Vegan Pink Pitaya Macaroons with Chocolate Drizzle
Ingredients
Macaroons
- 2 cups unsweetened shredded coconut
- 1/2 cup oat flour
- 1/4 cup pure maple syrup
- 1/3 cup pink fresh pitaya (can also use frozen, defrosted)
- 1/4 tsp pure vanilla extract
- 1 tsp Coconut Oil
- 1/4 tsp salt
Chocolate drizzle
- 6 ounces of chocolate
- 1 tsp Organic Coconut Oil
Preparation
Preheat oven to 350 degrees and line a large baking sheet with parchment paper.
In a medium-sized mixing bowl, combine all macaroon ingredients and mix until thoroughly combined.
Using a 2 tbsp sized scoop, carefully dish macaroon mixture onto parchment paper.
Bake for about 20 minutes or until the tops are dried and lightly browned.
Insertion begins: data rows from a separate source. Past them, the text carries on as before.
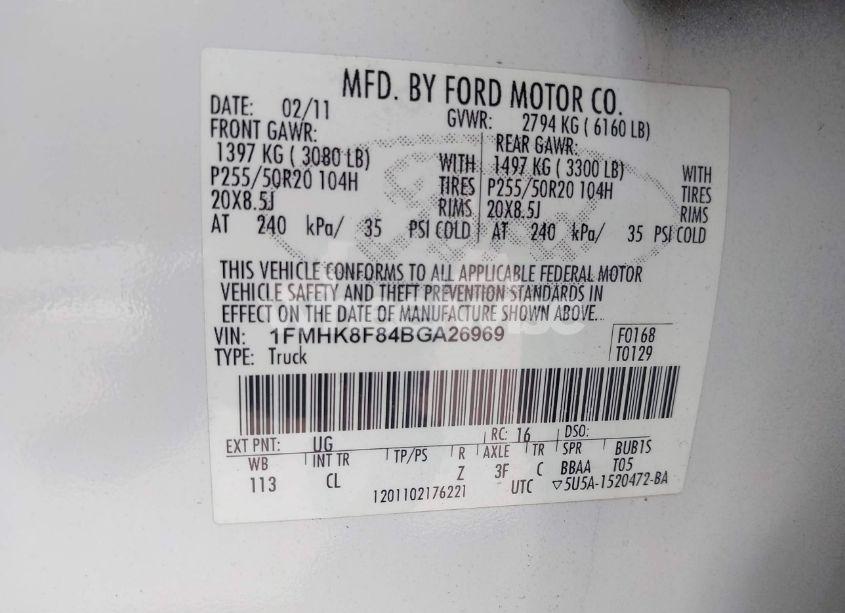 Photo 9 of 2011 Ford Explorer LIMITED (VIN 1FMHK8F84BGA26969)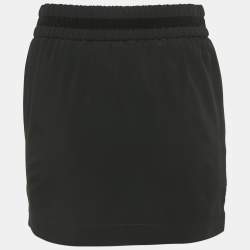 Pre Owned Gucci Black Crepe Velvet Trim Drawstring Mini Skirt S 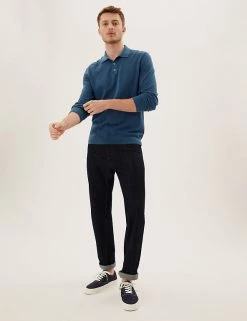 M&S Collection Men's Knitted Polo Shirts Cotton Modal Textured Knitted Polo Shirt 23 M&S Collection Men's Knitted Polo Shirts Cotton Modal Textured Knitted Polo Shirt -New In Mens Store SD 03 T30 5433M H3 X EC 1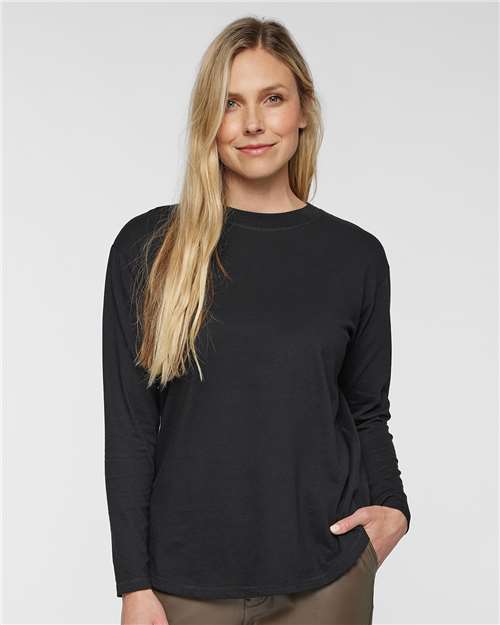 LAT 3508 Women's Relaxed Vintage Wash T-Shirt - Black - Front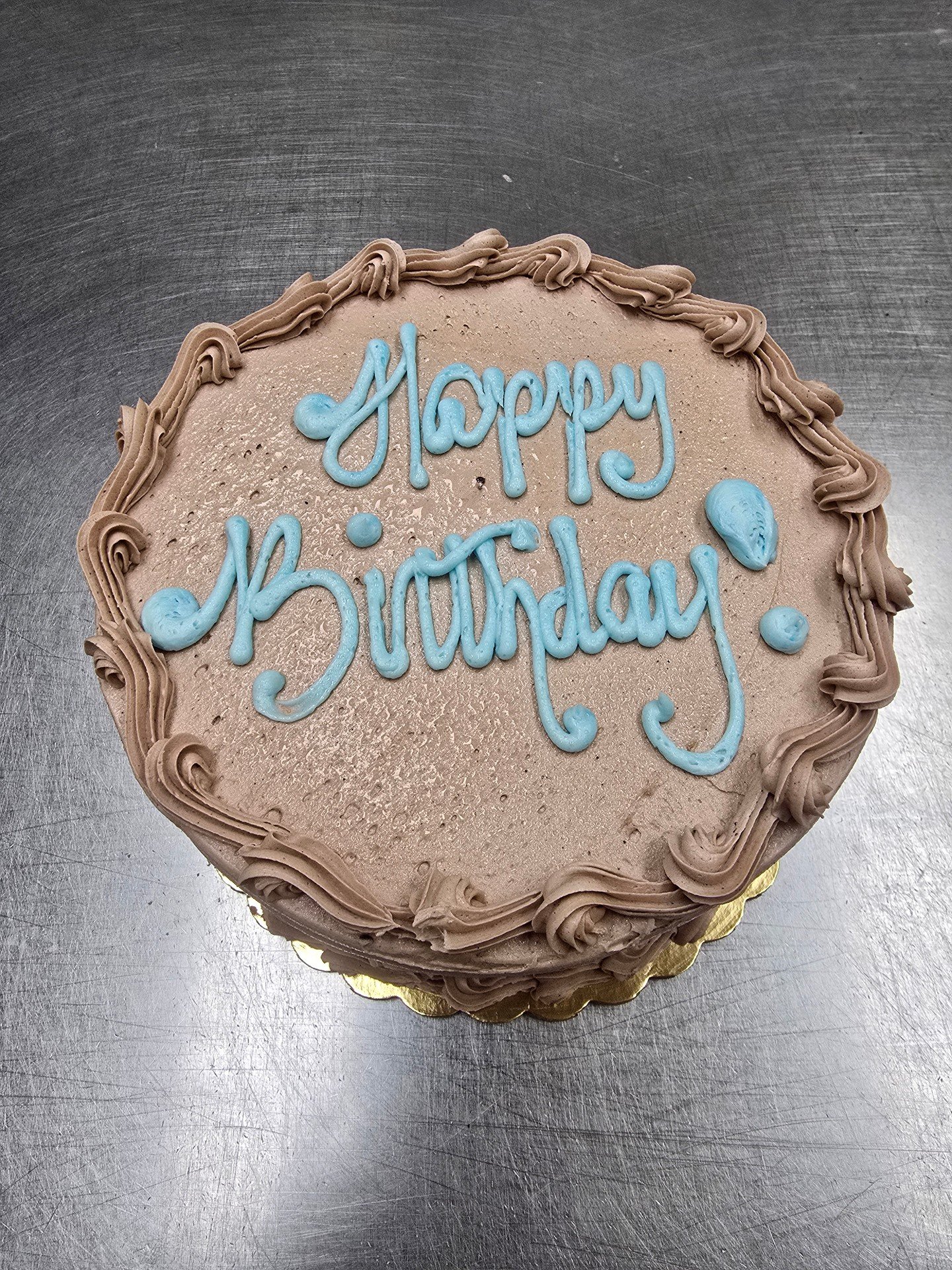 Happy Birthday! #antoinespastryshop #cake #cakes #chocolatecake #frosting #chocolatefrosting #happybirthday #richthebaker #bluefrosting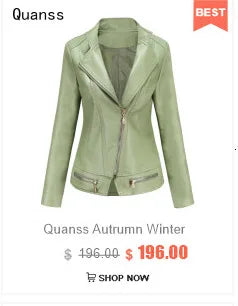 New In 2024 Spring Autumn Women's Pu Leather Jacket Fashion Casual Streetwear Coats Office Lady Black Zipper Jackets Outerwear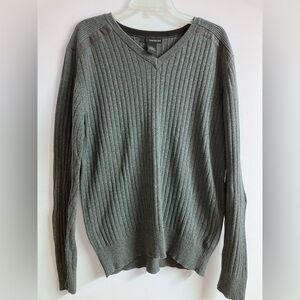 Calvin Klein Men's Ribbed Gray V-Neck Sweater, Large, Charcoal Gray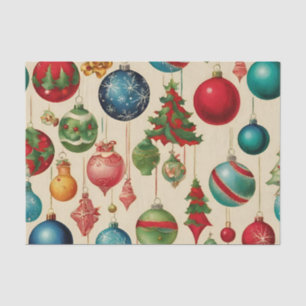 Colorful Vintage Christmas Hanging Ornaments  Tissue Paper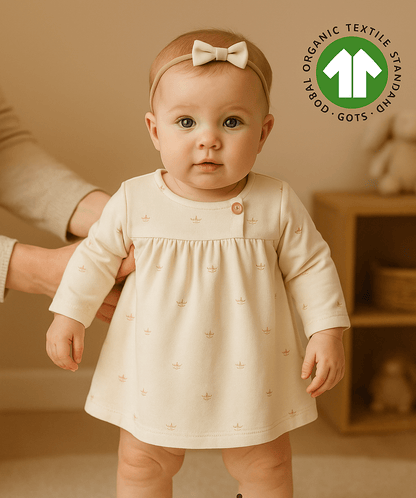 Bio-Babykleid mit Grasmuster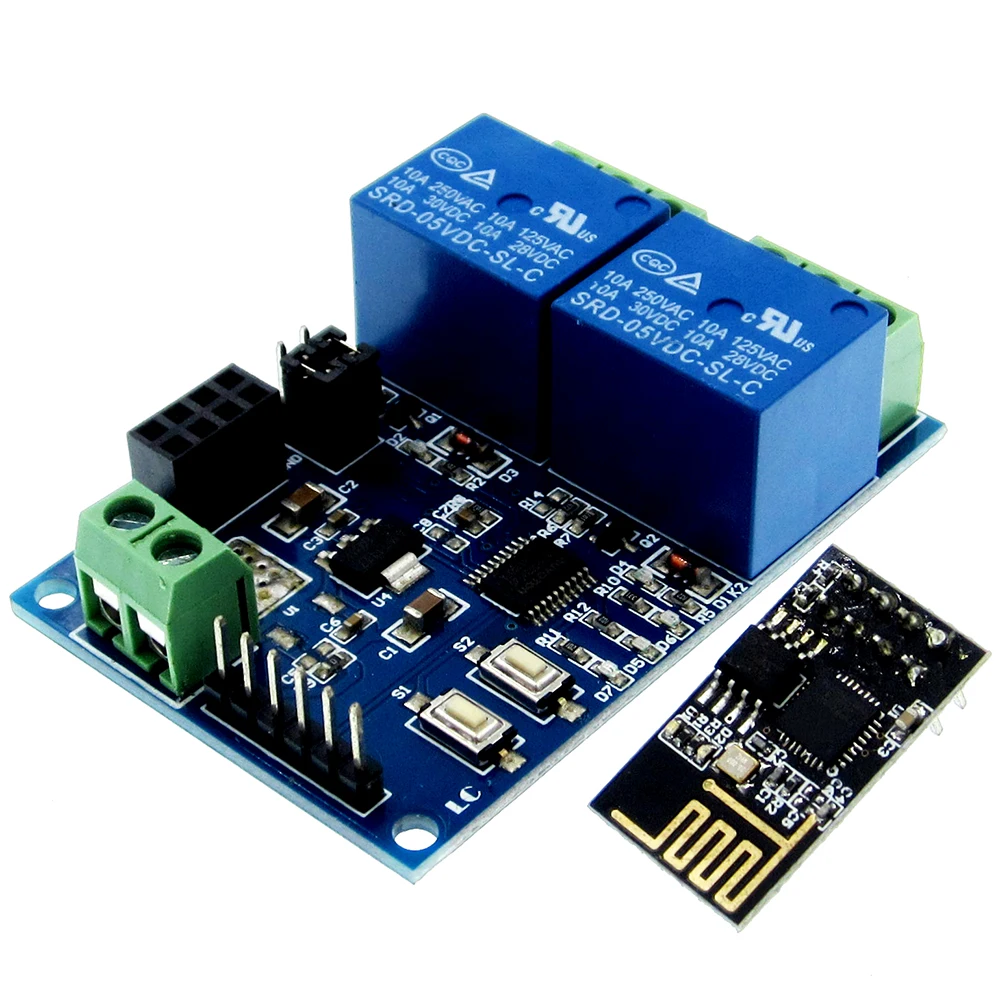 5V ESP8266 ESP-01 2 WiFi реле канала модуль 2-канальный релейный для IOT Smart Home | Электроника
Remove from oven and allow to rest for at least 15 minutes.
While the macaroons cool, melt chocolate and coconut oil in a microwave-safe bowl and set aside.
Once cooled, dip bottoms of macaroons in the melted chocolate, then place on parchment paper. Drizzle tops with more melted chocolate as desired and enjoy.